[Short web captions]

================================

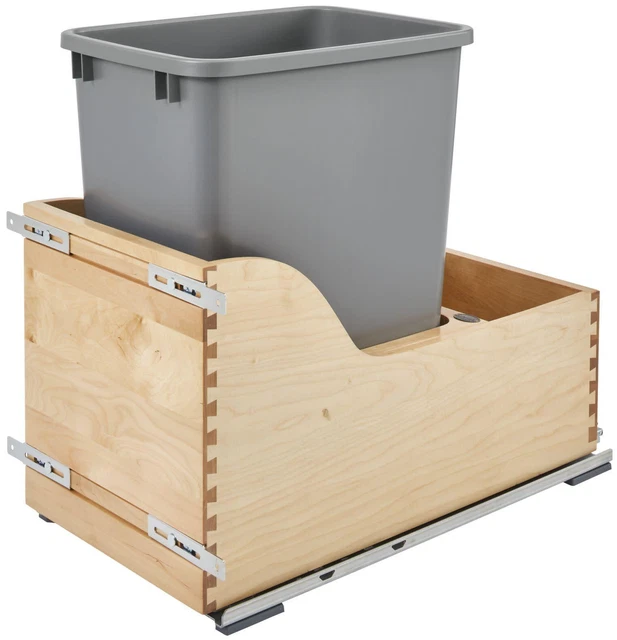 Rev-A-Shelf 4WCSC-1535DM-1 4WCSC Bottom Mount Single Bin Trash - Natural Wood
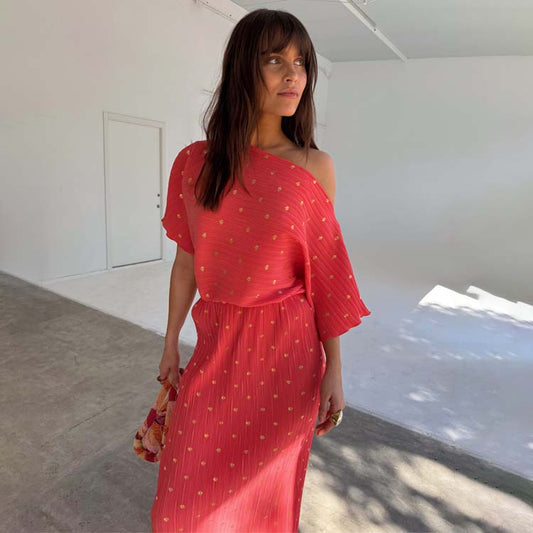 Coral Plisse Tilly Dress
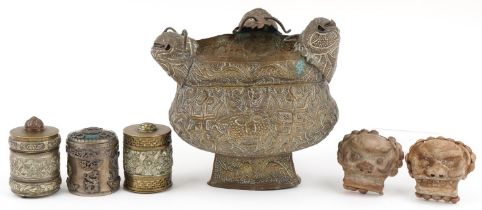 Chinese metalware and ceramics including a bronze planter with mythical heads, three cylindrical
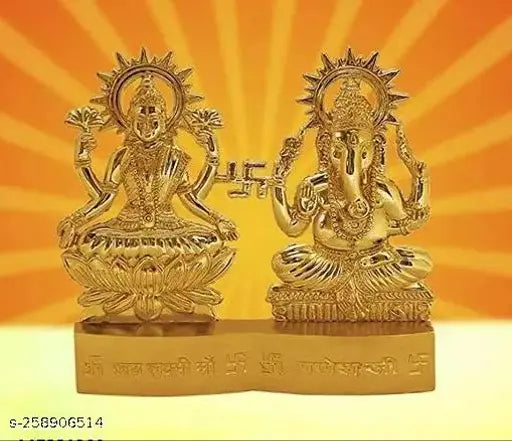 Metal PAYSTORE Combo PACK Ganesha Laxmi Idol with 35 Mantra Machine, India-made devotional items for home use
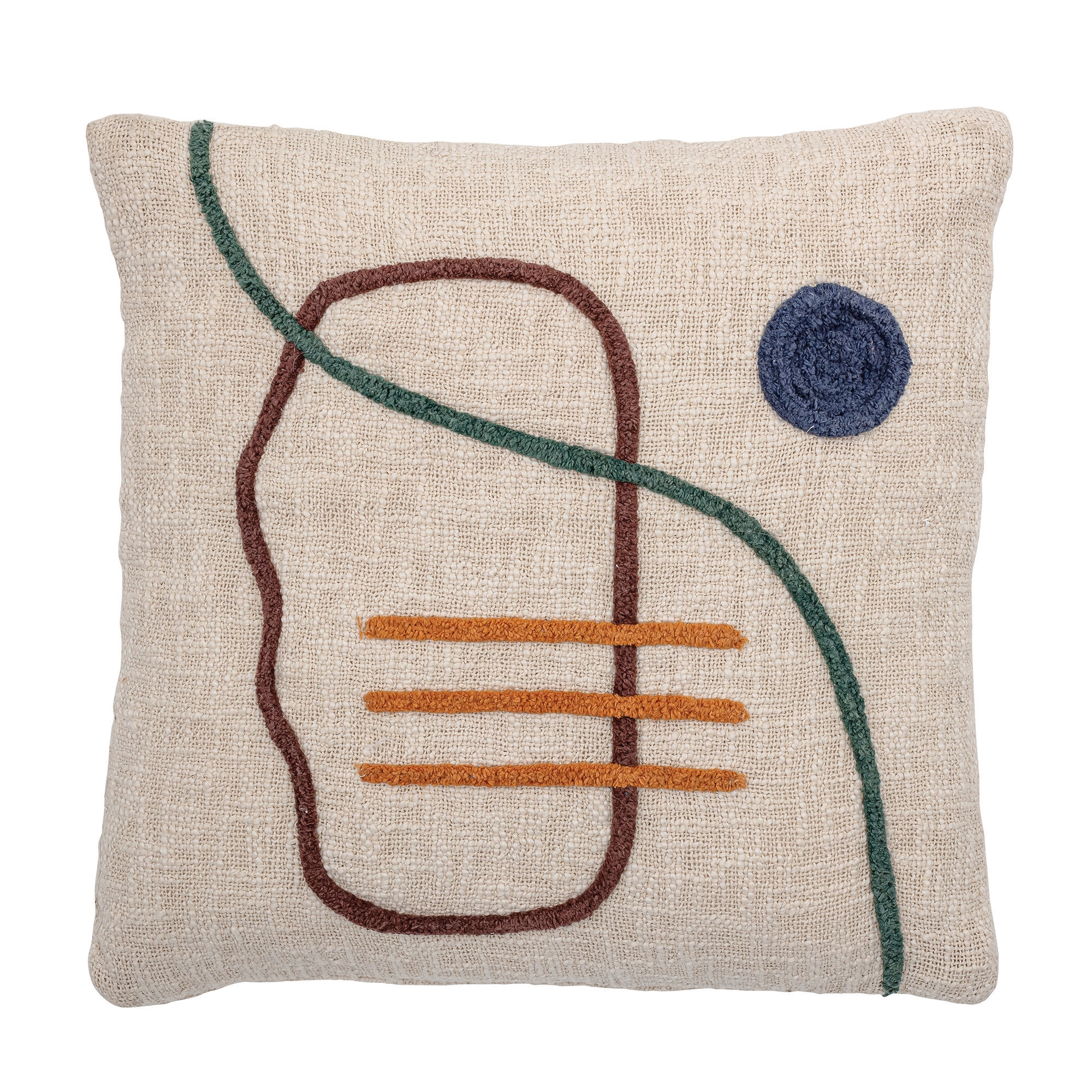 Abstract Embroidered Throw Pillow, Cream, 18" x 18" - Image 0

================================

→ Exercise requirements: All lines from the one containing "Metal PAYSTORE Combo" to the end of the entries should appear in the output exactly as written, with no pictures.

→ Task response:
 Metal PAYSTORE Combo PACK Ganesha Laxmi Idol with 35 Mantra Machine, India-made devotional items for home use
 Abstract Embroidered Throw Pillow, Cream, 18" x 18" - Image 0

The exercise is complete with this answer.